Muslim community, wherever they are, they came from different background, different culture packages, and different traditions, you know, so different understanding. Misunderstandings really common among the men to understand that wife have no right to apply for divorce. We say no, it’s not true. Fourteen hundred years ago, God gave her the right to apply for divorce, but what we as Islamic tribunal do, advise to go first to the court and then to be granted that way, whatever now, especially when they have children and custody and all the child support and the visitation rights and no traveling, documents, international law, all this stuff that we cannot ourself handle it.

Glenn: So help me out, because, you know, I look at sharia law as it is being used around the world, and it allows for abuse. It allows for slavery. It allows for the stoning of homosexuals. I mean, it pretty much makes lawful everything that most Americans despise.

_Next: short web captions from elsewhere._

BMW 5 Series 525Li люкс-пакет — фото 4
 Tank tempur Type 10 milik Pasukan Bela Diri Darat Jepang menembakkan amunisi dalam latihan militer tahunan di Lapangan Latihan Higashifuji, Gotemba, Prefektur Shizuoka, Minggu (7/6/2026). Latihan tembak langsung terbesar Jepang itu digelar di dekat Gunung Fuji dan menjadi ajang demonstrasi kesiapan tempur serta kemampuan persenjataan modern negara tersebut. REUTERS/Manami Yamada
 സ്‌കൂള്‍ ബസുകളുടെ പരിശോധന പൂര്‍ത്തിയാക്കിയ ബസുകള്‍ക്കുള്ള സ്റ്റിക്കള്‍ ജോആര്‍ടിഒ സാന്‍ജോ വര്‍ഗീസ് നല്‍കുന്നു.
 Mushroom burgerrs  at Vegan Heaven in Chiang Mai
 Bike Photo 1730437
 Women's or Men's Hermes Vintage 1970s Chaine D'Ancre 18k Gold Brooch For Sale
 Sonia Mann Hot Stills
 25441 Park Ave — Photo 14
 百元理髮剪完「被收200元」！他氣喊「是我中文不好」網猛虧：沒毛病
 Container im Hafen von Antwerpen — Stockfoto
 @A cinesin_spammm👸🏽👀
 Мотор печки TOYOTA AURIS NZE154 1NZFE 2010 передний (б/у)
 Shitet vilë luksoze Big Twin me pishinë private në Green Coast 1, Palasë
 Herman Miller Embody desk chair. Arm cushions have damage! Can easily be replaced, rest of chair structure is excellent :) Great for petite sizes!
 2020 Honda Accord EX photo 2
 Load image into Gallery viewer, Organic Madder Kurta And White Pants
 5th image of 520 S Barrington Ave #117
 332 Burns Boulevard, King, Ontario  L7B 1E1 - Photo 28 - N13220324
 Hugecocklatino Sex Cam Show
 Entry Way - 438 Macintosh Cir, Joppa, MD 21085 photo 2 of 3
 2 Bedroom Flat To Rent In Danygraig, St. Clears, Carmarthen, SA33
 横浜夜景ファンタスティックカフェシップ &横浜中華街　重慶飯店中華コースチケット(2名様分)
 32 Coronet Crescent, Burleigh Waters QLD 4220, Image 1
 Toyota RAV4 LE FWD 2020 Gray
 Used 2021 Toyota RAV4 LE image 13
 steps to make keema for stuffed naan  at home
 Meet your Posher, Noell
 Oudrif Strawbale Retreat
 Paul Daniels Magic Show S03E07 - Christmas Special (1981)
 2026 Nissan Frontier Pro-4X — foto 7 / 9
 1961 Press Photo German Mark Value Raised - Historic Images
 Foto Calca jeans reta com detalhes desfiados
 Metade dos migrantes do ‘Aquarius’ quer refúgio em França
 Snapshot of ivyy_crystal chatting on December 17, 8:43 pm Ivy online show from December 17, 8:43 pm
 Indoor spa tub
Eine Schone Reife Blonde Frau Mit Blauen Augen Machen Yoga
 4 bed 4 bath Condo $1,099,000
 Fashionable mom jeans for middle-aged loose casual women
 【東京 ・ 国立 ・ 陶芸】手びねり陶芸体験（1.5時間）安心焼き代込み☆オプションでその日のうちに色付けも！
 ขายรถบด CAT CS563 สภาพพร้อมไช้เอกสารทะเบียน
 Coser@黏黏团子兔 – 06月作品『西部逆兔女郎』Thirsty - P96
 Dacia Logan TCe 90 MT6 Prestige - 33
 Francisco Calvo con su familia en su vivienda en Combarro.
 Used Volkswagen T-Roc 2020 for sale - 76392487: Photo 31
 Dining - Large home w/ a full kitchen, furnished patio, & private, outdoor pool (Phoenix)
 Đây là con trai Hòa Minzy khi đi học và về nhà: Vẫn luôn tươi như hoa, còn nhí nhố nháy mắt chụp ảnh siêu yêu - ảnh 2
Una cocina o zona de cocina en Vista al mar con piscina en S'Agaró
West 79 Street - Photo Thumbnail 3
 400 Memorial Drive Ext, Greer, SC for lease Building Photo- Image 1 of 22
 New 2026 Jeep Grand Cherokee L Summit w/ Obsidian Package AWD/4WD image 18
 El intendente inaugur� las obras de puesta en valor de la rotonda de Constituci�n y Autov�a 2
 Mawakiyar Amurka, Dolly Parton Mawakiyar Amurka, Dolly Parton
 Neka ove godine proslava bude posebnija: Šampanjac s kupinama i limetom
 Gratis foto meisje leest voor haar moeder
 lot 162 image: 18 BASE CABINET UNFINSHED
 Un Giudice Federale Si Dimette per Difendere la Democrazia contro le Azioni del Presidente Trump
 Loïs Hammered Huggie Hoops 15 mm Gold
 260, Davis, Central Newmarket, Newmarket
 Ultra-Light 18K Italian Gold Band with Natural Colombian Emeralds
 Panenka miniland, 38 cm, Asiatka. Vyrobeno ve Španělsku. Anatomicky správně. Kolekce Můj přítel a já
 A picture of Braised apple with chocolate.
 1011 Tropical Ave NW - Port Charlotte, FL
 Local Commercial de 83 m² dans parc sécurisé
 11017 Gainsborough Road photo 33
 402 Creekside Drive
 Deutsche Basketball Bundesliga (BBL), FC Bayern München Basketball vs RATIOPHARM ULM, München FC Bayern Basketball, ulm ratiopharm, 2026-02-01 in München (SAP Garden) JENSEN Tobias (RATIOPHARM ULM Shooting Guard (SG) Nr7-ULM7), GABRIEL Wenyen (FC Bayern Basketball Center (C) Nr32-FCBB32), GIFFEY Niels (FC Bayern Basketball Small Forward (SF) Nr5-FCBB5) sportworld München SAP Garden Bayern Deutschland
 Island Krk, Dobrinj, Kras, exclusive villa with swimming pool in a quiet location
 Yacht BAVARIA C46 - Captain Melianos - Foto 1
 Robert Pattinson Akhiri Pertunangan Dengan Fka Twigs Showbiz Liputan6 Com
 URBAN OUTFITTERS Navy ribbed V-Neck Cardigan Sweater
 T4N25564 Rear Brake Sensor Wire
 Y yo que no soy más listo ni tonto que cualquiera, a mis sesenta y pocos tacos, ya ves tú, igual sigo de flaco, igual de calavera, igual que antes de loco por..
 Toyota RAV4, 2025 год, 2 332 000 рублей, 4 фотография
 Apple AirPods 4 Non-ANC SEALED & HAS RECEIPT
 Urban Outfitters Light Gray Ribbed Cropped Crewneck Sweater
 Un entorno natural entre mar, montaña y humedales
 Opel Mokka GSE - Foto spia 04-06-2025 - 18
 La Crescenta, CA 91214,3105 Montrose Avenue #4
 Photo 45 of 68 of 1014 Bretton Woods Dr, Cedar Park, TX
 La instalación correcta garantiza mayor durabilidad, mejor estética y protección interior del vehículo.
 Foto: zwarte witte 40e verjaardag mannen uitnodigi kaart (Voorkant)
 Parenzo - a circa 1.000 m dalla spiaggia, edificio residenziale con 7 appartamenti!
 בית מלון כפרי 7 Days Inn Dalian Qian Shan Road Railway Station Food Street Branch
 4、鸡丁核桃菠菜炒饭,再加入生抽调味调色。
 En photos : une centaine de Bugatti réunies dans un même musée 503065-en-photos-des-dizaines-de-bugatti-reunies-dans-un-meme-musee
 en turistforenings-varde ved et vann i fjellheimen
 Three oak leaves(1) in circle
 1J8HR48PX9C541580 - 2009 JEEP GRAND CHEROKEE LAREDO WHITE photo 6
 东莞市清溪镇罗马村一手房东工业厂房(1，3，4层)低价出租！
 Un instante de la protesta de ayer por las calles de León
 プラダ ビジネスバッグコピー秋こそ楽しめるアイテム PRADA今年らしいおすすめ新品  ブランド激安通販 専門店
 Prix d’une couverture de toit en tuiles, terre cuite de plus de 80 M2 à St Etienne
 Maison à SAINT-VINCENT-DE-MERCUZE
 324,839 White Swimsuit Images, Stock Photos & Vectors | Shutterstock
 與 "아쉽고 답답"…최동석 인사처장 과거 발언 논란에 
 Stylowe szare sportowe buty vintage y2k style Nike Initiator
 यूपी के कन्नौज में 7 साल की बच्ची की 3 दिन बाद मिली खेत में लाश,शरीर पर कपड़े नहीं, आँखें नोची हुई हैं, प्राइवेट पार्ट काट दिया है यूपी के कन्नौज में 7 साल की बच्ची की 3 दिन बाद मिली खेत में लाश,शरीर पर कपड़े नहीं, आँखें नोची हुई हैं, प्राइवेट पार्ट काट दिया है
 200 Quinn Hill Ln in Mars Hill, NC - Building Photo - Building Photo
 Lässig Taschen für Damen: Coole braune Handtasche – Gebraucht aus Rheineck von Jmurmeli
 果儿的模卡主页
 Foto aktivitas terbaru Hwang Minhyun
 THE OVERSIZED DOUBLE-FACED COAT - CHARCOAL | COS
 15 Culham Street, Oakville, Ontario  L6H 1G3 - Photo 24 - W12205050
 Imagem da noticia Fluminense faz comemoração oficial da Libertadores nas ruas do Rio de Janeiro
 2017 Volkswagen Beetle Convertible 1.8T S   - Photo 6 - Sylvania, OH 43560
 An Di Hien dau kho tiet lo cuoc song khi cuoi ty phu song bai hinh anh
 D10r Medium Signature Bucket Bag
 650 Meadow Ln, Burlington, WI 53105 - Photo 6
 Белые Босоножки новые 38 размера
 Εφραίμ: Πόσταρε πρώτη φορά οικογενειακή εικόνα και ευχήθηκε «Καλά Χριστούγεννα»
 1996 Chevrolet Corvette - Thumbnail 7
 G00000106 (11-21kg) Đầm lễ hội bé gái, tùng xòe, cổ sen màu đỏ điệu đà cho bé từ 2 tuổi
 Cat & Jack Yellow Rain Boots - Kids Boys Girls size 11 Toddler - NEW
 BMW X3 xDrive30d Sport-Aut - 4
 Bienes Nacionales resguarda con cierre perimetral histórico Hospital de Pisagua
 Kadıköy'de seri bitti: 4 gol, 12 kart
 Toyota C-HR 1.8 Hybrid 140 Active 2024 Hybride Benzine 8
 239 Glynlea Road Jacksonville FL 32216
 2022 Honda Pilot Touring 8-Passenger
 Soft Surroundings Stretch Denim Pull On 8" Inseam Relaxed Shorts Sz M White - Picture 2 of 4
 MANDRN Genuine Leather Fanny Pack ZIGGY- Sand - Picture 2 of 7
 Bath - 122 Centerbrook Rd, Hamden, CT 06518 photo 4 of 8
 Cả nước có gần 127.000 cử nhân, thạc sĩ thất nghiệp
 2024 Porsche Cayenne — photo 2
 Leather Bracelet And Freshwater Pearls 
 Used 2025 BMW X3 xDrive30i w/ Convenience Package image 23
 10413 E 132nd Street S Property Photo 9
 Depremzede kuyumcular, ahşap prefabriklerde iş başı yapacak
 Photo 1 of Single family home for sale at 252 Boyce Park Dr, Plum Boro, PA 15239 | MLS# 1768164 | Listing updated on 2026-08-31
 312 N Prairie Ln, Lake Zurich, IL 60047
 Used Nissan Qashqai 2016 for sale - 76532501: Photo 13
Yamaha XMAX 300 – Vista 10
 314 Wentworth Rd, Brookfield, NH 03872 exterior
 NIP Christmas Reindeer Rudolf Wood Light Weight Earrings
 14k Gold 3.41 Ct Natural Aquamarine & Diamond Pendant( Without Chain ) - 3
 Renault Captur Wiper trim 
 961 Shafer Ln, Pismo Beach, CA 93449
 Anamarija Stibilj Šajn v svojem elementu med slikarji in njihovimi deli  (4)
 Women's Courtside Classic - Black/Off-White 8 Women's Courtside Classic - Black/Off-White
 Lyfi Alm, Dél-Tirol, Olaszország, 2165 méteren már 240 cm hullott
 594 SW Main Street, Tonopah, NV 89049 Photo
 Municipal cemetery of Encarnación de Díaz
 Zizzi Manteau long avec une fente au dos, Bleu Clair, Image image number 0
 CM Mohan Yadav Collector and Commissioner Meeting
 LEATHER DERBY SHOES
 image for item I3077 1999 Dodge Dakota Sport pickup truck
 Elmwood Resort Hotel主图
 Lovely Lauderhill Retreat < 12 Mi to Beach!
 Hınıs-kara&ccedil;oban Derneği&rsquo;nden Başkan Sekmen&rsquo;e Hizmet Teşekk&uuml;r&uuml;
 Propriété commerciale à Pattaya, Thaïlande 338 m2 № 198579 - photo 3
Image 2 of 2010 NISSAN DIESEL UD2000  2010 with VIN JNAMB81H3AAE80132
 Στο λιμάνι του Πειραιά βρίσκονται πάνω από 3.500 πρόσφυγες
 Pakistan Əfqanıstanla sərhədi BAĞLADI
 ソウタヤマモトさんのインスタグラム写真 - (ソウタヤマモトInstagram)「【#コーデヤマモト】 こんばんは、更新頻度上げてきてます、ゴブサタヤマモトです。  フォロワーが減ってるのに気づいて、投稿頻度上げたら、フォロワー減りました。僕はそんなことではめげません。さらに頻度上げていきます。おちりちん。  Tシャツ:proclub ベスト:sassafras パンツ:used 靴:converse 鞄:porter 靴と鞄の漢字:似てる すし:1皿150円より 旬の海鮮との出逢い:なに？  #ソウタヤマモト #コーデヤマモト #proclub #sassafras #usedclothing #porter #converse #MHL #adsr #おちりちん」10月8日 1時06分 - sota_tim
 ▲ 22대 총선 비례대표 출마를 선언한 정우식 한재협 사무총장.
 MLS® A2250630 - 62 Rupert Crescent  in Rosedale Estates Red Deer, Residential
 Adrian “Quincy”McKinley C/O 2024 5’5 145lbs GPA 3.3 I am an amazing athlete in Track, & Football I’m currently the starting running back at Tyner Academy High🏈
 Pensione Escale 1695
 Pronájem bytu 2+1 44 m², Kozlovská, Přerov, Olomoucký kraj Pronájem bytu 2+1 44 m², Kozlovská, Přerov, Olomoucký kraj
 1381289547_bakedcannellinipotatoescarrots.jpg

Imam Bakhach: That’s what the mistake misconception. I’m very thankful to all of you to help us to come here to clarify this position. As you know, there is a criminal court, and there is civil court. We cannot, no way to discuss the criminal court because all the time scary tactics here, sharia, no sharia, in a way that cutting the hand off or chopping the head, this is not sharia. It is not sharia. What we see and overseas now with ISIS, ISIL, the whole Muslim world condemned that and rejected it, unacceptable.

Glenn: Not true.

Imam Bakhach: At least from our side to say we condemn that.

Glenn: Where’s the reformation come from then? You’re saying that you don’t practice that kind of sharia law. Who is the reformer that you look to that says—

Imam Bakhach: For every Muslim actually that’s a student of knowledge or a scholar to start, first of all, the sharia law does not refer to the government, not refer to the civil…it was in the hand of scholars, religious scholars, to translate the text that mentioned in the Qur’an, and that’s called the first resource of the law. With the Jews, they have their law. The Christians, they have law. So the law based on any, as we say to any Muslim, wherever you are living, if you have a problem, first to say what God says in the book. Then you go to the next.

Glenn: But Jews and Christians don’t believe that man making laws is an abomination, where it’s my understanding that in the Islamic culture, man doesn’t make laws, God makes laws, and that’s sharia law.

Imam Bakhach: Who is beyond the sharia? The sharia means a holy text mentioned, whether general or specific. For example, Muslims, we do not drink alcohol. Why? Because God says in the Qur’an don’t drink alcohol.

Glenn: Right.

Imam Bakhach: Why we don’t eat swine, for example, prohibited, so the law prohibition, that permissibility is mentioned in the Qur’an even when we pray and when we respect our parents, respect the elders, all of this in the law. My point really I want to make clear here is not the issue of cutting the hands and even the criminal law. It’s not just because somebody steal and then cut the hand. It’s not that way. There is a system of investigation, a system of hearing, and a system of finding out if it’s criminal. We have execution. Just recently somebody executed in the jail because confessed and proven beyond doubt.

Glenn: There is a separation here. I’m assuming you both would say the Constitution is great, but God willing, you would rather live under sharia law, under Islamic rule.

Imam Bakhach: If you understand what the intents and the objectives and the principles of the Islamic law from Islamic perspective to say what the goal achieved, what the desire of God intended from these laws. We have five major departments—to preserve the faith for the individual, regardless what his faith is or the Christian, Muslim, Jewish, atheist, doesn’t matter in the society, to protect the soul that nobody to attack without any right.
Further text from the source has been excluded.